**What is being asked**
Copy word for word the lines of the records below, beginning at the one with "Cartão De Visita" and finishing at the one with "Vista 4 de Punta", ends included, but none of the pictures.

Web page caption snippets
┄┄┄┄┄┄┄┄┄┄┄┄┄┄┄┄┄┄┄┄
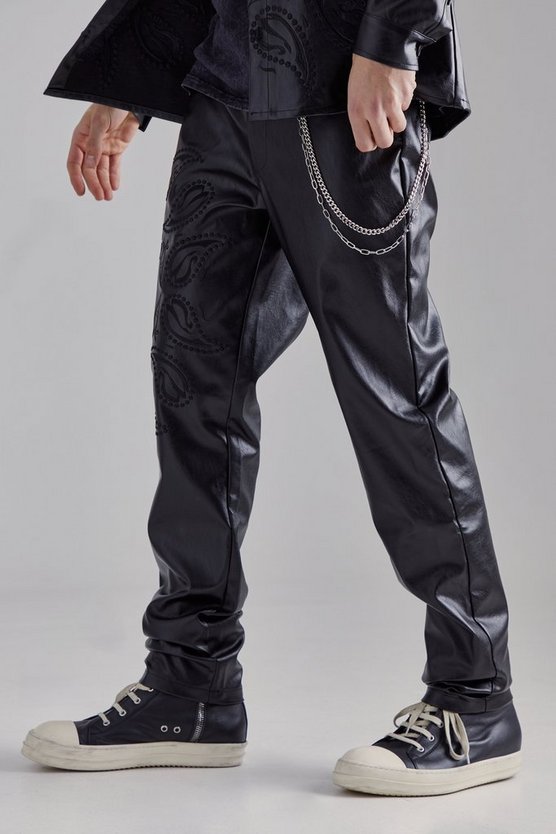 Schmale PU-Hose mit Paisley-Stickerei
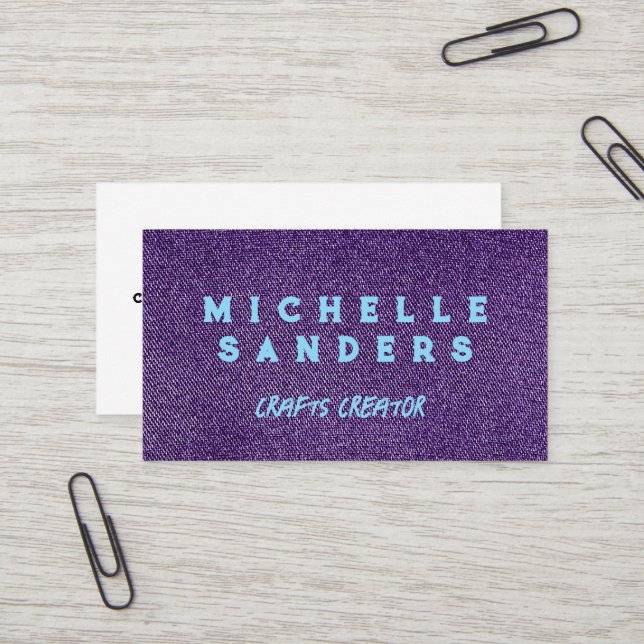 Cartão De Visita Tecido de Denim Roxo | Costureira Alfaiate (Frente/Verso In Situ)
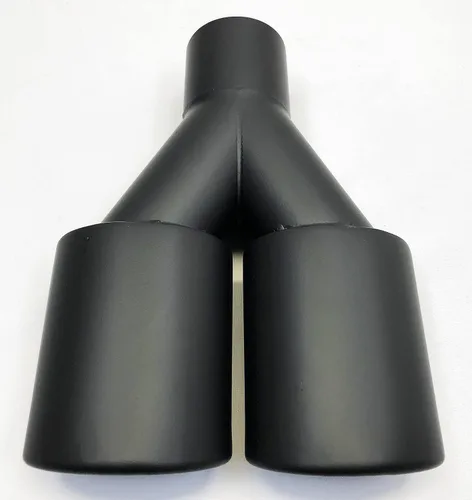 Vista 4 de Punta de escape 2.25 Entrada Dual 3.00 Oval X 2.50 High Outlets 9.75 Long Resonated Matte Black 304 Stainless WDOR30250975-225-MBK-SS Punta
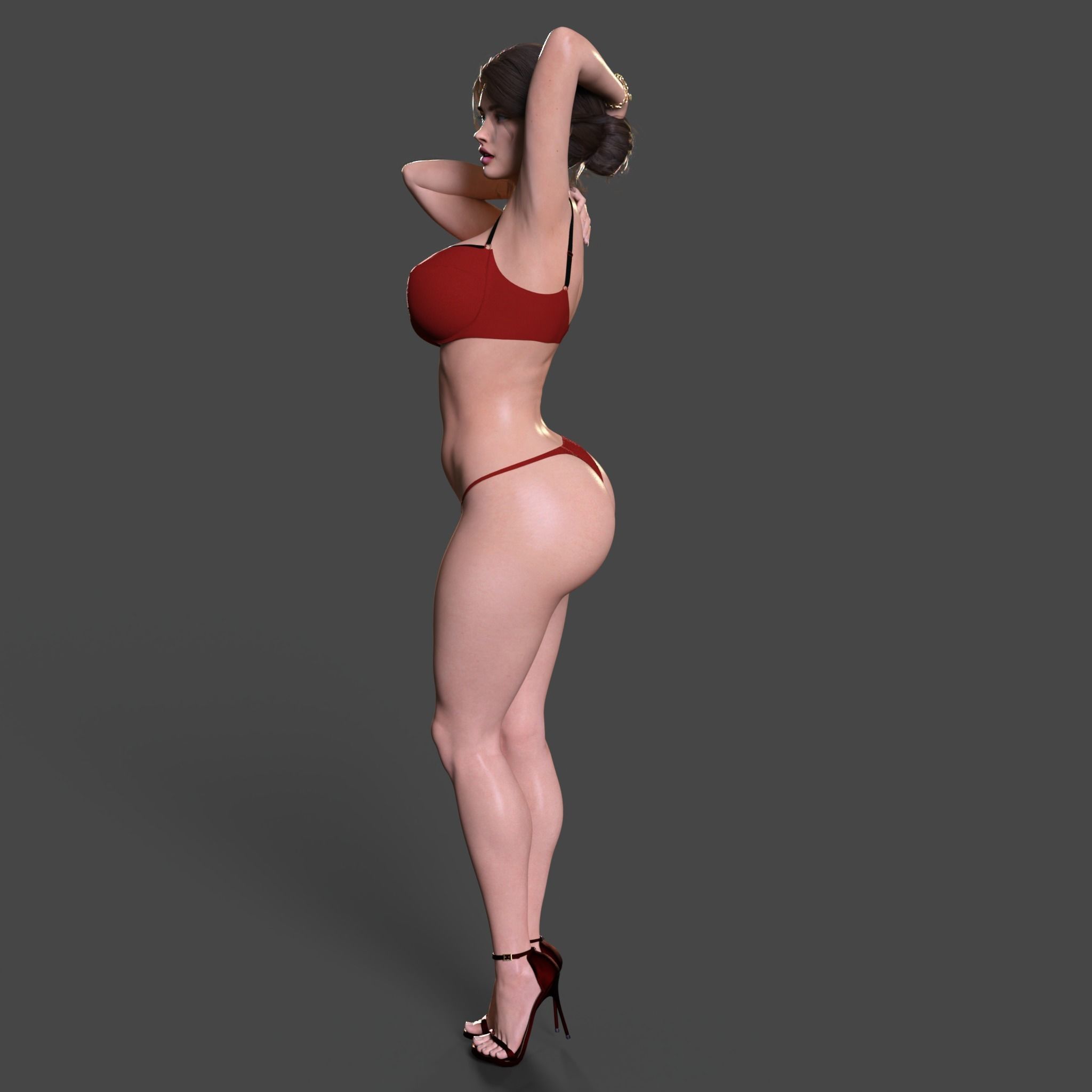Beautiful Girl Model Rigged Low Poly- Lara Low-poly 3D model_4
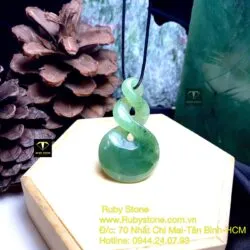 Mặt dây chuyền ngọc bích Maori kiểu double twist, kích thuớc 50mm - Ảnh 4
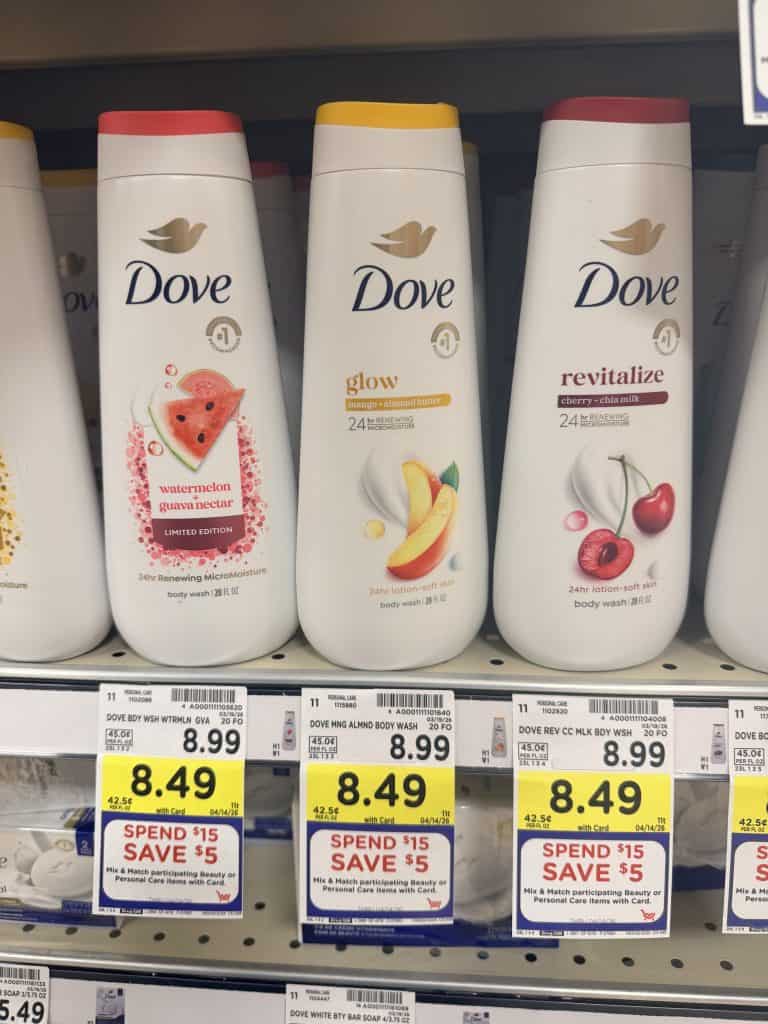 Dove Body Wash Kroger Shelf Image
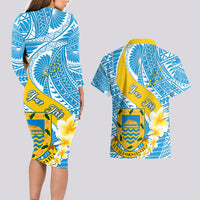 Personalised Tuvalu Independence Day Couples Matching Long Sleeve Bodycon Dress and Hawaiian Shirt Plumeria 45th Anniversary LT01 - Polynesian Pride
┄┄┄┄┄┄┄┄┄┄┄┄┄┄┄┄┄┄┄┄
**Result for this task**
 Cartão De Visita Tecido de Denim Roxo | Costureira Alfaiate (Frente/Verso In Situ)
 Vista 4 de Punta de escape 2.25 Entrada Dual 3.00 Oval X 2.50 High Outlets 9.75 Long Resonated Matte Black 304 Stainless WDOR30250975-225-MBK-SS Punta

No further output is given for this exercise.